E segundo o pesquisador, que possui publicações nas maiores revistas científicas do mundo e coleciona prêmios decorrentes de suas descobertas, os primeiros passos da iniciativa vão começar já agora neste primeiro semestre, com a preparação dos organoides (como também são chamados os minicérebros).
“Como temos milhares de espécies na Amazônia, na melhor das hipóteses, uma dessas plantas se transformará em um produto comercial para tratar uma dessas doenças”, afirma o cientista, ressaltando que, se esse cenário se concretizar, uma parte dos lucros será destinada aos povos indígenas da região.
Da Amazônia para o espaço
Se tudo der certo, no próximo ano, Muotri será considerado o primeiro cientista brasileiro no espaço. A previsão da viagem do pesquisador foi anunciada pelo presidente Luiz Inácio Lula da Silva, que se reuniu com Muotri em julho do ano passado.

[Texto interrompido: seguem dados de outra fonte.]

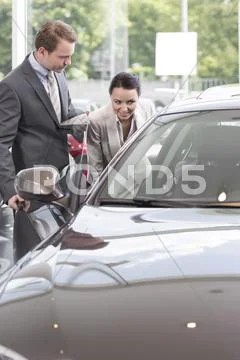 At The Car Dealer, Salesman Showing New Car To Client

E durante a sua tão aguardada estadia na ISS, um dos seus focos de pesquisa será justamente a realização desses procedimentos utilizando substâncias de plantas amazônicas.

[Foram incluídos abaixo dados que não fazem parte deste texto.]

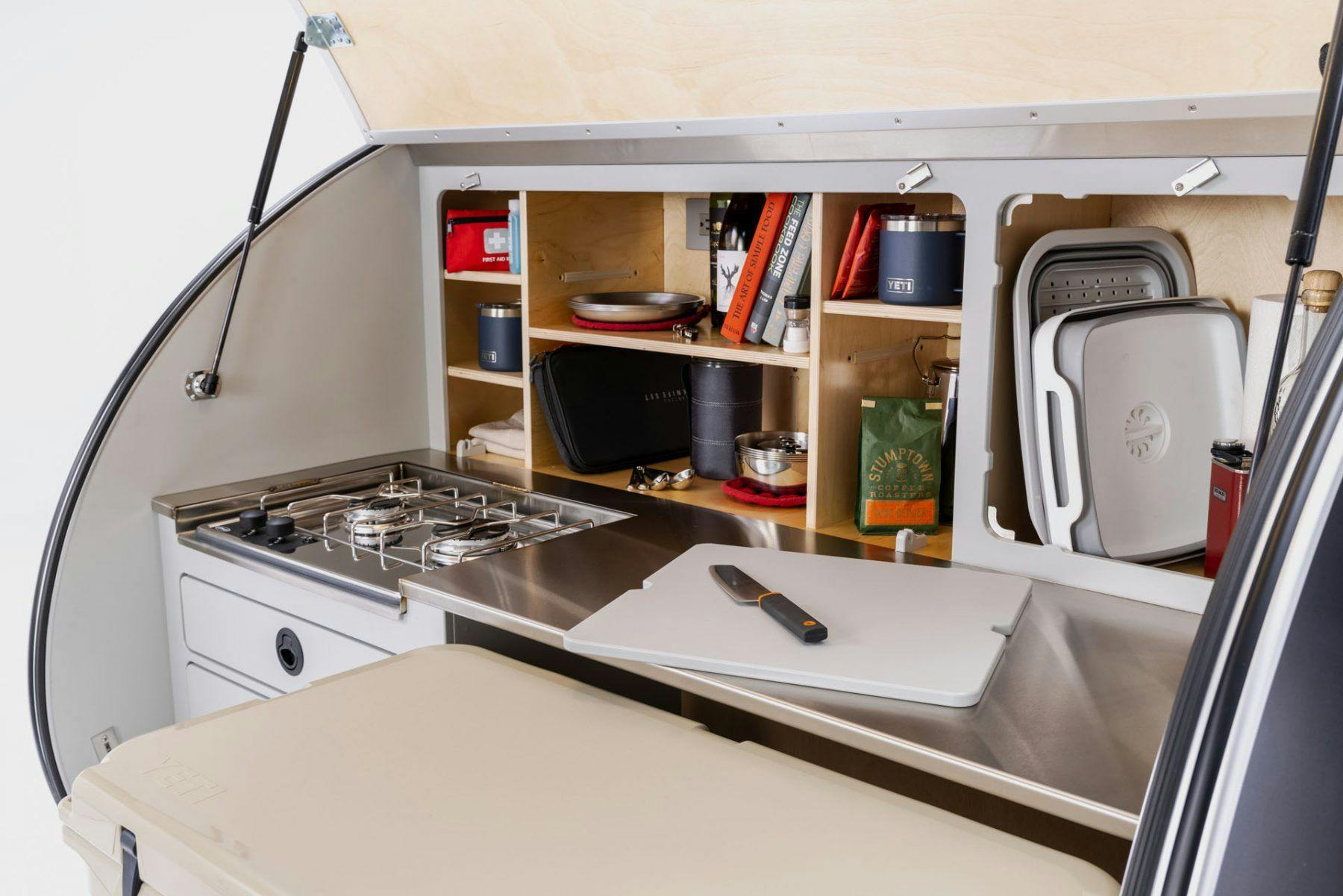 A galley shot of a teardrop camper, showing the storage, stove, and cooler.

No entanto, para ter sucesso nessa etapa crucial, a equipe do pesquisador se dedicará a uma série de preparativos aqui na Terra.

Além da coleta das plantas com os robozinhos (construídos em pequenos carrinhos de plástico ultra equipados com sensores visuais), o plano envolve a criação de organoides cerebrais derivados de indivíduos sem transtornos neurodegenerativos e de pessoas com Alzheimer.
Isso é algo possível de se fazer porque essas estruturas são formadas a partir de “células-tronco pluripotentes”, reprogramadas de células periféricas (sangue, polpa de dente ou pele) do próprio individuo, seguindo uma complexa receita química.
“Uma vez identificada a planta com potencial de conter substância neuroprotetora, amostras serão coletadas da biodiversidade amazônica, extratos produzidos, fracionados e substâncias purificadas a partir dos extratos”, explica Spartaco Astolfi Filho pesquisador da UFAM que coordenará as atividades do projeto que ocorrerão na Amazônia.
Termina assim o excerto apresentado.